Nowadays, the situation is very different.
“The property boom in the noughties was really an investment boom where people were buying investments,” he said. “Housing was just a vehicle for that.
“The latter part of the boom in 2006/2007 was driven by speculators, property flippers etc. This time around the boom is people buying homes (some second homes) but not investments.
“Buy-to-let is not the same attractive proposition as it once was.”
The reason for the latter assumption is that the rental market benefitted in the years from 2000 to 2007 from the arrival of workers from Eastern Europe, something which has been curtailed by Brexit.
Conversely, the migrant flows are from Great Britain to Northern Ireland tend to be returners wanting to buy property, not rent, particularly at the higher end of the market and eventually helping to push purchase prices higher.
That demand for larger properties can be seen in the statistics.
Today terraced properties account for only 26%/27% of sales – as opposed to 36% in 2005/2007 – while detached properties are the dominant category for house sales in the last few quarters at 33%, slightly ahead of semi-detached and terraced in third place.

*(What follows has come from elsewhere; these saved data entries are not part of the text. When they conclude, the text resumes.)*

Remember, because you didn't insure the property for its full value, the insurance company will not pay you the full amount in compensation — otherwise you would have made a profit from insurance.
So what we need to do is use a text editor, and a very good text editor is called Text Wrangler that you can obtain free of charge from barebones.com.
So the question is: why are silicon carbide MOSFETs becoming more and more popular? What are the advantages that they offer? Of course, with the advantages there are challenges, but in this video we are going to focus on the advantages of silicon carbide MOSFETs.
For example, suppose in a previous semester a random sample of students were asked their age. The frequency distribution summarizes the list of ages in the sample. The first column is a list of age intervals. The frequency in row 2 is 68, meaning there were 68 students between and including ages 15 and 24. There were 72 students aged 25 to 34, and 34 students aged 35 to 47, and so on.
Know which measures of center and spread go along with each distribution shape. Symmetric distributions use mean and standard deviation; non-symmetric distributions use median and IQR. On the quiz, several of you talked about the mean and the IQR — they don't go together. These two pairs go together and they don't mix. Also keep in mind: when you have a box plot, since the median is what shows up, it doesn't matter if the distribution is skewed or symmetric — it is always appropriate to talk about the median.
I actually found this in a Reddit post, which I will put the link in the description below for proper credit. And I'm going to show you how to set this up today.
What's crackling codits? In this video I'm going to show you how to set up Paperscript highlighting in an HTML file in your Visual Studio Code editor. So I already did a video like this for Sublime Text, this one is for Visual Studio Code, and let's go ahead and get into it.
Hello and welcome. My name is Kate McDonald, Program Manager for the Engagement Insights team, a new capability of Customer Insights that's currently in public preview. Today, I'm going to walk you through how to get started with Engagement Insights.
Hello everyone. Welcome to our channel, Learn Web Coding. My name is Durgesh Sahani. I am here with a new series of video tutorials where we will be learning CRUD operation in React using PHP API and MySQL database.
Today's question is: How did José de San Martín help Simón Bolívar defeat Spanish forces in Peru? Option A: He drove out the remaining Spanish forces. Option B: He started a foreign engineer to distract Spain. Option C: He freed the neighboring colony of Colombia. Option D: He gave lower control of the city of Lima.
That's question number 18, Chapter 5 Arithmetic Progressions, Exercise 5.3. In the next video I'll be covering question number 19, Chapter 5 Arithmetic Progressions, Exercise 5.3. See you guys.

“This highlights a key difference than the demand is strongest at the higher end/larger properties whereas the noughties boom was at the lower end and smaller properties,” Mr Ramsey said. “It is not just the share of the market that is impressive for detached properties, but also the volume.
“The fourth quarter of 2020 and first quarter of 2021 were the best fourth quarter and first quarter for detached property sales on record. The second quarter was the second best second quarter on record behind the second quarter of 2006.”
Some niche economist statistics perhaps but a good example of the change in the structure of the market.
Other reasons why the current rally differs from 15 years ago is that competition from the banks is not as fierce, scarcity of stock is more of an issue (there were 51,000 transactions in 2006/2007 compared to just 25,400 for the last financial year while the pandemic meant that housing completions – new builds – hit a record low in the second quarter of last year) and the capacity of large house building firms which were commonplace back then has yet to be replaced.
So, it appears that while the housing market in Northern Ireland may appear to be in a period of boom times, the fundamentals suggest the rally is built on stronger foundations that in the lead up to the credit crunch.
But just as calling the collapse of the market then would have taken a crystal ball then, so to its short, medium and long-term direction from here.
“Given that Northern Ireland’s property prices are one of the most affordable regions in the UK coupled with the new era of working from home, we are likely to see a steady stream of people from outside Northern Ireland avail of the current quality of life arbitrage opportunity,” Mr Ramsey said. “On what scale remains to be seen.
“This external source of demand further adds to the existing supply constraints as houses freed up in GB aren’t available to buyers within the local market. Strong demand and an under-supply of adequate stock looks set to underpin house prices in the near future.”